Dienstag, 04.06.2019, 18:00 Uhr aktualisiert: 04.06.2019, 18:42 Uhr
Eine Medizinisch-technische Assistentin mit der Blutprobe einer schwangeren Frau. Es gibt Tests, die anhand einer Blutprobe der Mutter die Trisomien 21, 18 und 13 beim ungeborenen Kind ausschließen oder bestätigen können.
Eine Medizinisch-technische Assistentin mit der Blutprobe einer schwangeren Frau. Es gibt Tests, die anhand einer Blutprobe der Mutter die Trisomien 21, 18 und 13 beim ungeborenen Kind ausschließen oder bestätigen können. Foto: Patrick Seeger/dpa

Der Lokale Teilhabekreis Nottuln kämpft dagegen, dass ein pränataler Bluttest auf Trisomie 21 (Down-Syndrom) in den Leistungskatalog der gesetzlichen Krankenversicherungen aufgenommen und als Regelleistung der Krankenkassen bezahlt wird ( wir berichteten ).
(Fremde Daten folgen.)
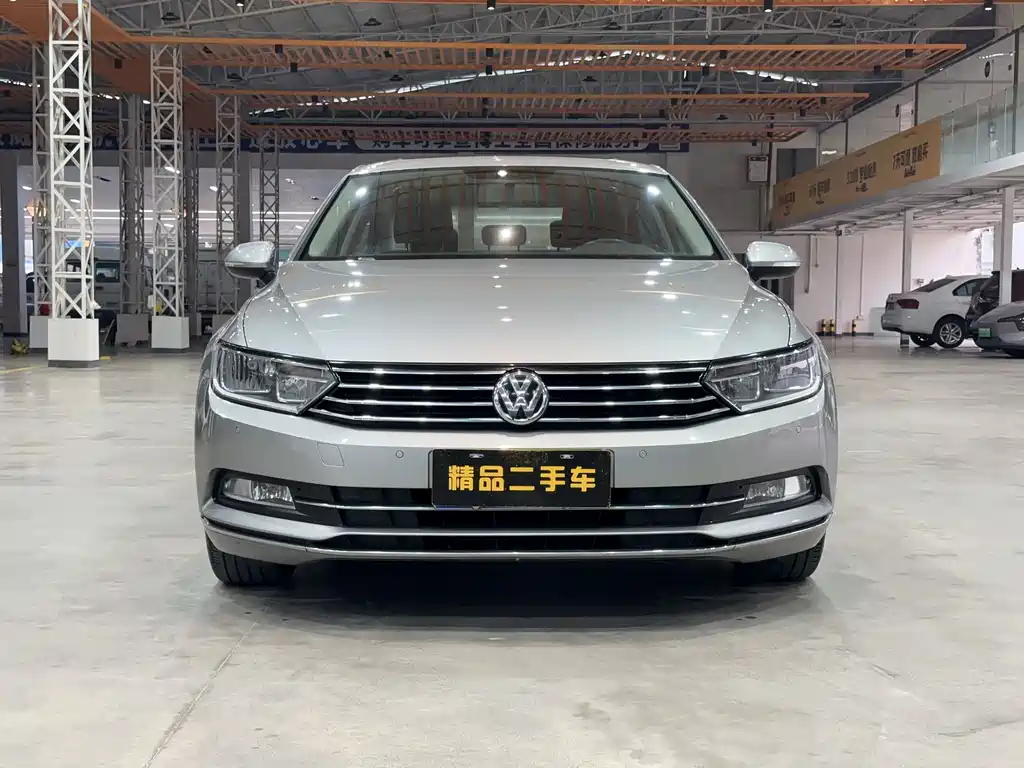 Volkswagen Magotan 2017 330TSI DSG Leading Edition 2016 - thumbnail 4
Nach verschiedenen Informationsangeboten und einer Unterschriftensammlung schaltet der Teilhabekreis nun auch den Nottulner Gemeinderat ein.

Der Teilhabekreis, der bei seinem Anliegen vom Teilhabebeirat und vom Teilhabebeauftragten der Gemeinde unterstützt wird, hat einen Bürgerantrag bei der Gemeinde eingereicht. In diesem heißt es: „Der Rat der Gemeinde Nottuln appelliert an die Mitglieder des Deutschen Bundestages, die neu entwickelten pränatalen Bluttestverfahren zur Früherkennung von Trisomie oder gegebenenfalls auch von anderen zu erwartenden Behinderungen eines Kindes nicht in den Regelleistungskatalog der Krankenkassen aufzunehmen.“

Reihenuntersuchungen seien nicht zulässig

In der Antragsbegründung erläutert der Teilhabekreis, dass im gemeinsamen Bundesausschuss von Ärzten, Kliniken und Krankenkassen aktuell geprüft wird, ob der Test als Regelleistung der Krankenkassen bezahlt werden soll. „Wenn es dazu kommen sollte, würde zukünftig ein solcher Test im Rahmen der Vorsorge generell von den Krankenkassen bezahlt. Das heißt, dieser Test würde als sogenannte Reihenuntersuchung standardmäßig durchgeführt werden. Nach unserem bestehenden Gendiagnostikgesetz sind solche Reihenuntersuchungen aber nicht zulässig“, schreibt der Lokale Teilhabekreis.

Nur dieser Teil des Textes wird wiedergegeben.